- [Your task]: Leave the pictures out, and transcribe the material below exactly from the line with "Herringbone Pure New" to the line with "LAURA ASHLEY Vliestapete", both lines included.

- [Information given]:
# # # # # # #
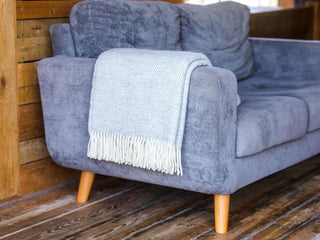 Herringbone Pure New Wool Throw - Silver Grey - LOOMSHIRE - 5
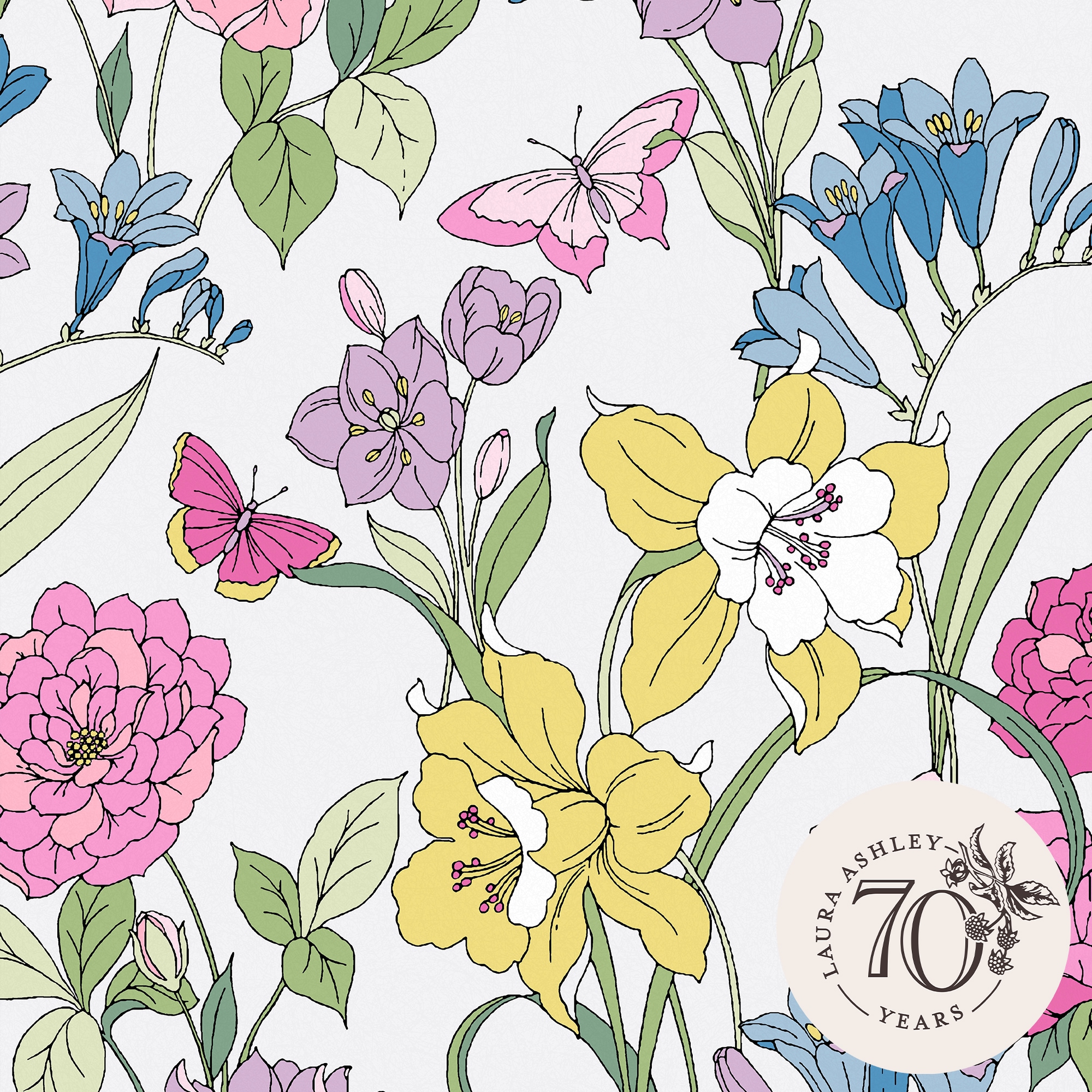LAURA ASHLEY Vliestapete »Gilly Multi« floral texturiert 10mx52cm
# # # # # # #
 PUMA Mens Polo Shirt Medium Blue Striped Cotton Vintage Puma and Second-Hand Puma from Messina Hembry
# # # # # # #
- [Written answer]:
 Herringbone Pure New Wool Throw - Silver Grey - LOOMSHIRE - 5
LAURA ASHLEY Vliestapete »Gilly Multi« floral texturiert 10mx52cm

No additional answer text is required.